───── Exercise data

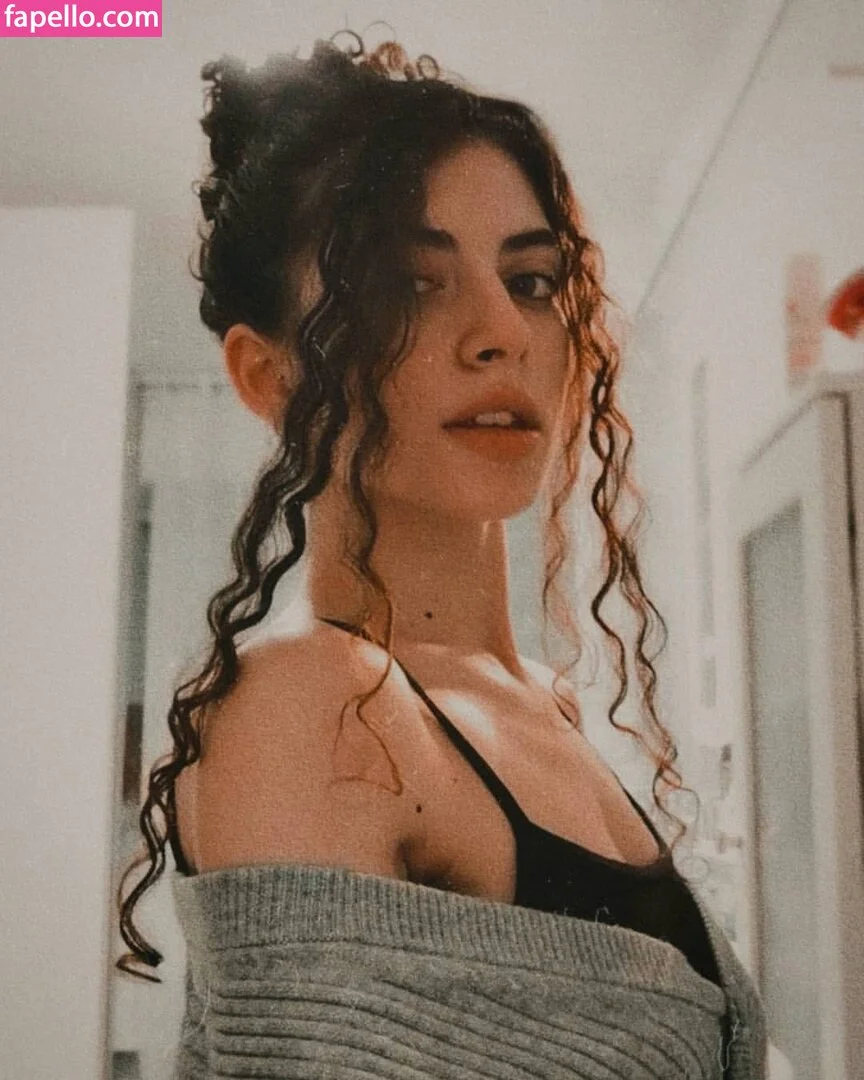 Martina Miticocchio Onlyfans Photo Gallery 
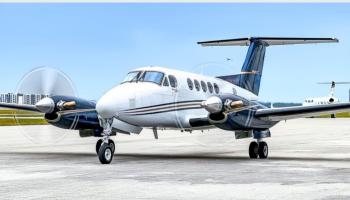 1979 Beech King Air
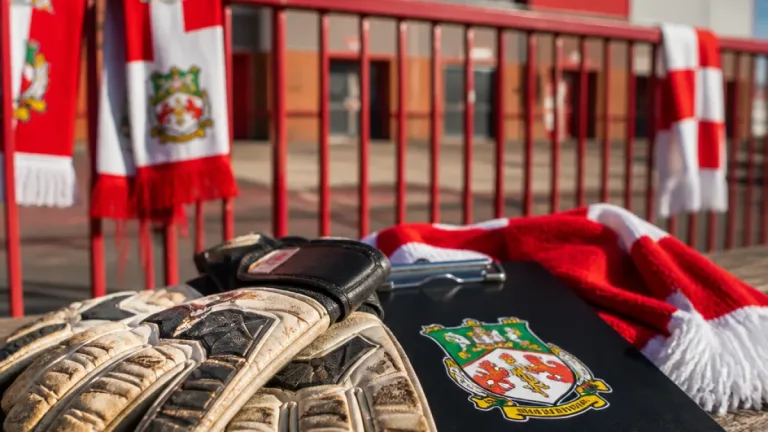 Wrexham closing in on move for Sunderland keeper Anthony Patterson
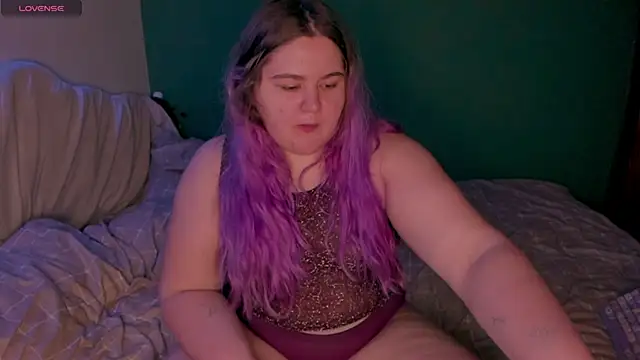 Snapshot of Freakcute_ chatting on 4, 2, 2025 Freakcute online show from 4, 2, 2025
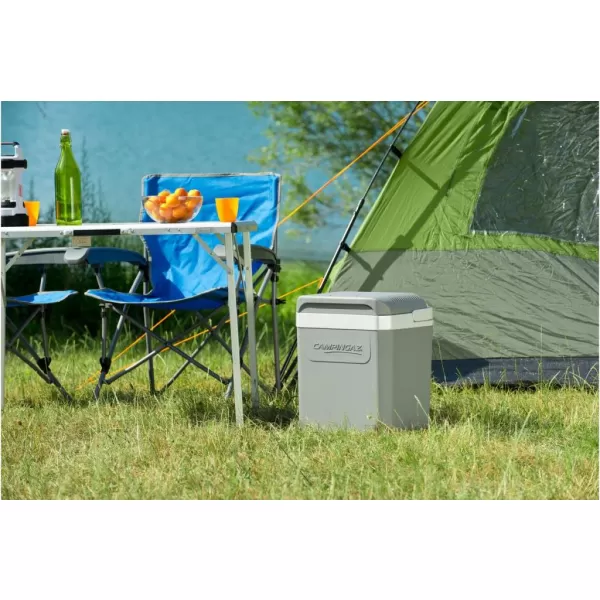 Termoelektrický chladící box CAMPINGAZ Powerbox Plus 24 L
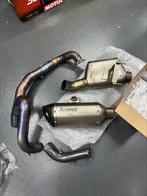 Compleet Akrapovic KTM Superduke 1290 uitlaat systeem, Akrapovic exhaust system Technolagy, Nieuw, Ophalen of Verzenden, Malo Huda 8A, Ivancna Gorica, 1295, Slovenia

──────────
───── Exercise data

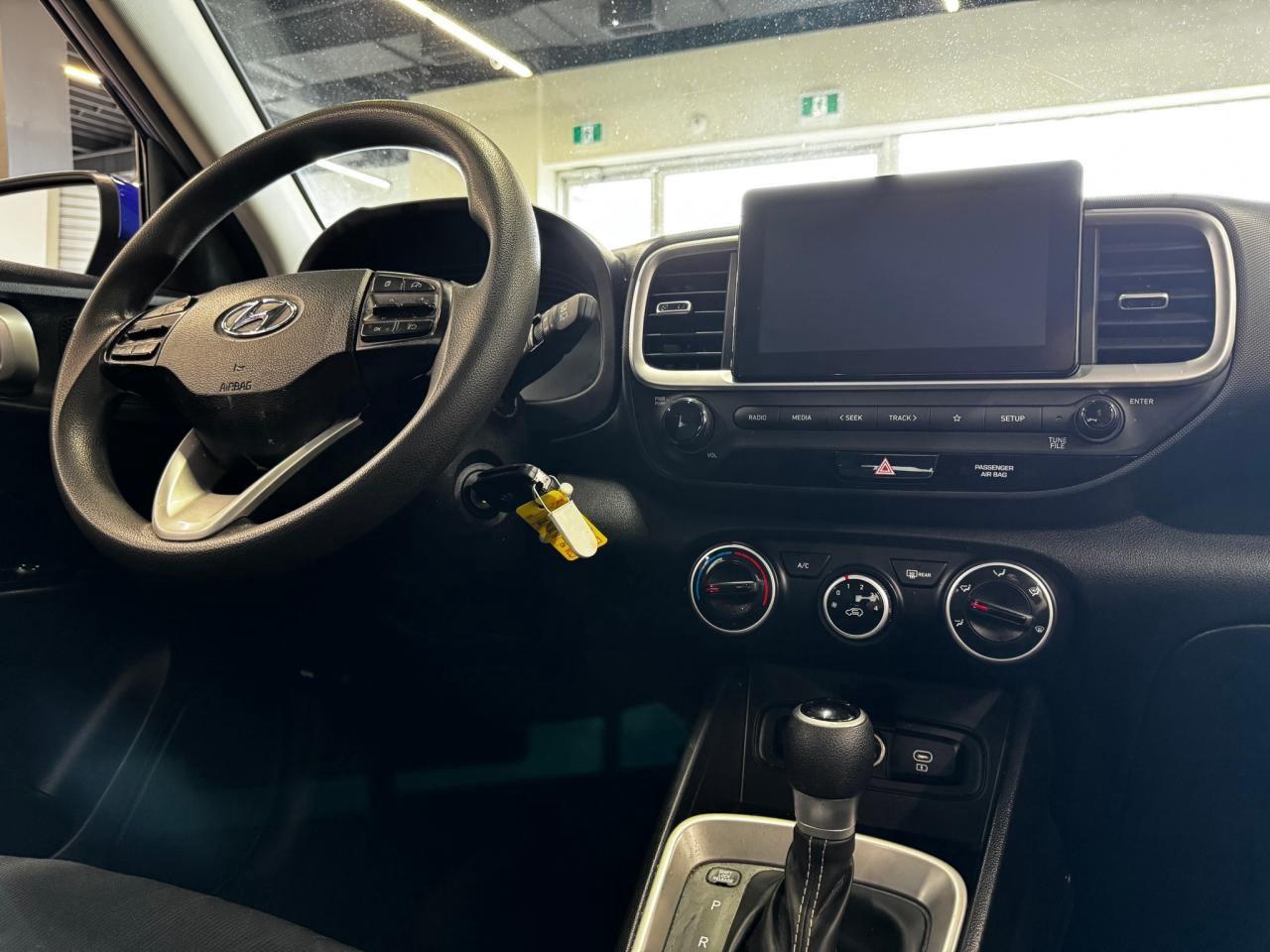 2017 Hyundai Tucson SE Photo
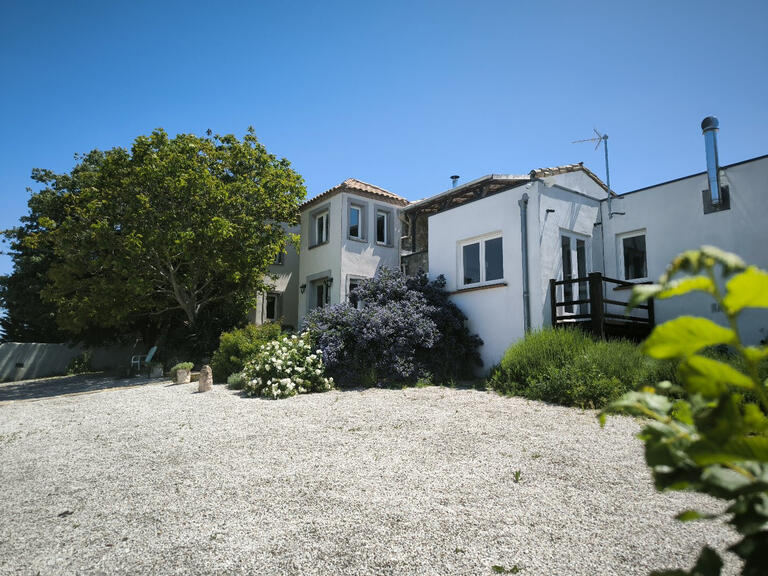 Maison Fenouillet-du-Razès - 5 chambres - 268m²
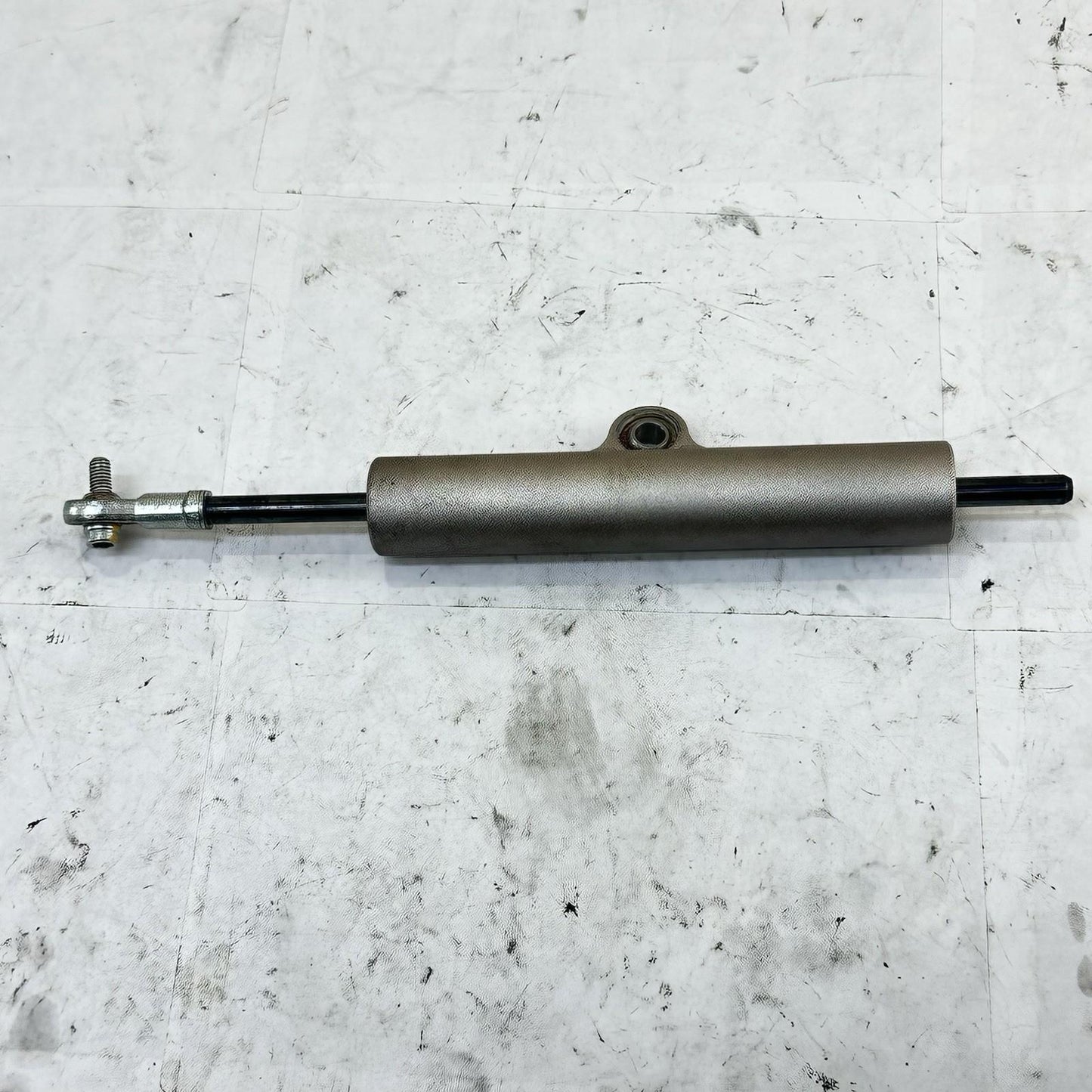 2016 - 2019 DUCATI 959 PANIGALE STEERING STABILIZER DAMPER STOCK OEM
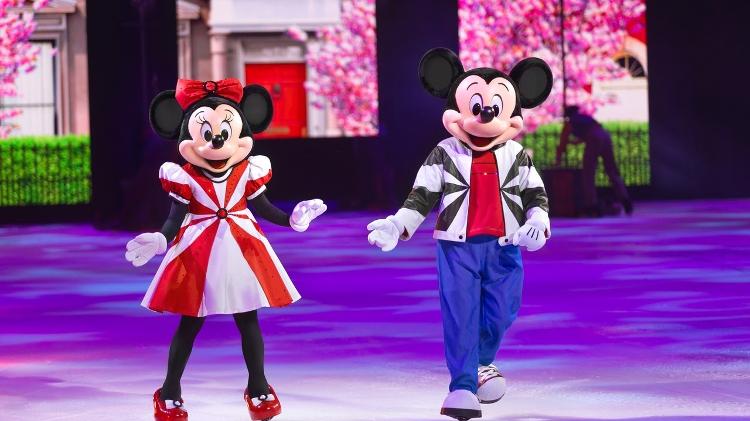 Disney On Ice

──────────
───── Exercise data

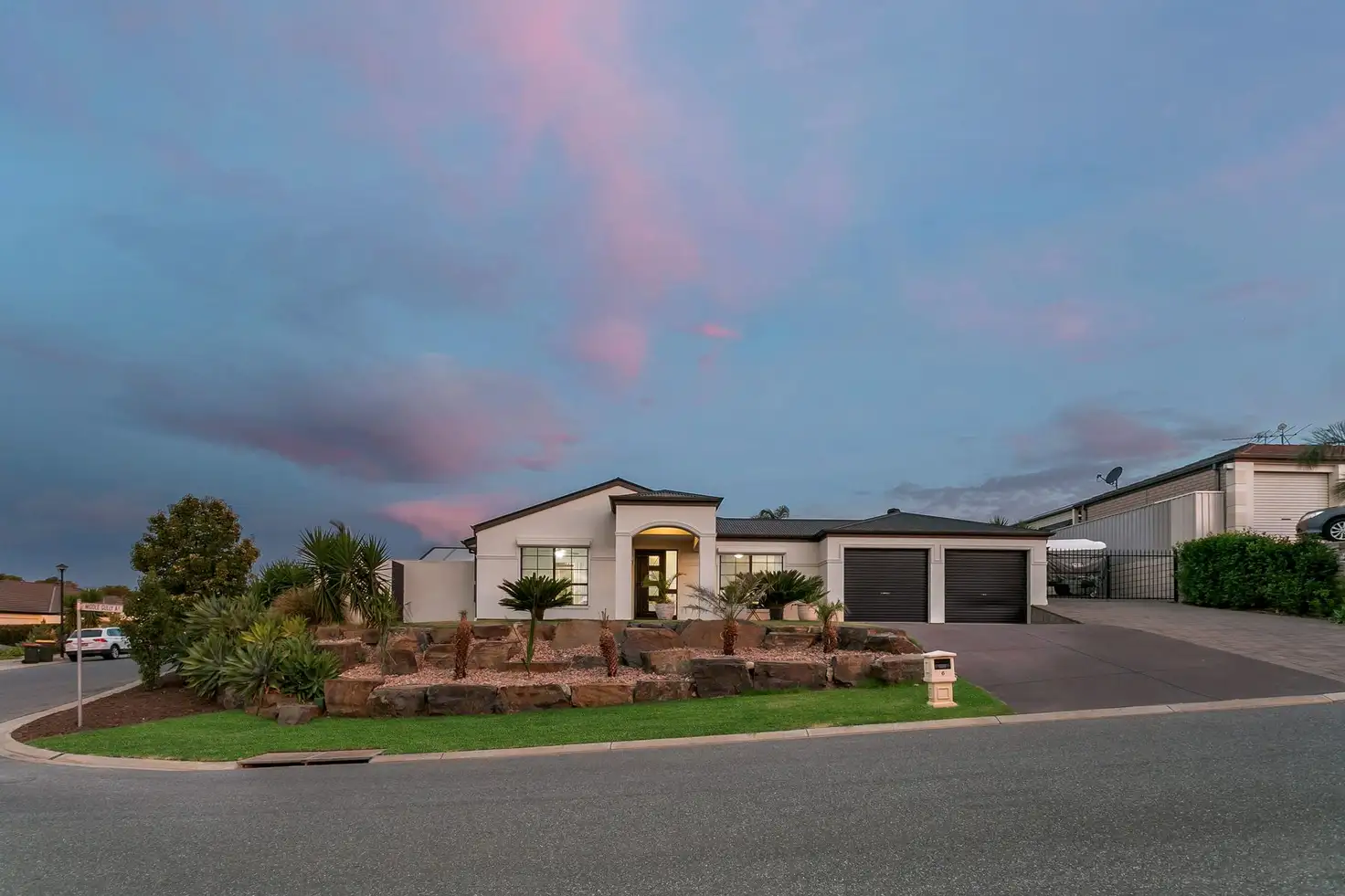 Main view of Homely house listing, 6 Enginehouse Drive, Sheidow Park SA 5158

──────────

**What is being asked:** Reproduce exactly the lines above that run from the one with "2016 - 2019" to the one with "Disney On Ice", both included, leaving pictures out.

**Answer section:**
 2016 - 2019 DUCATI 959 PANIGALE STEERING STABILIZER DAMPER STOCK OEM
 Disney On Ice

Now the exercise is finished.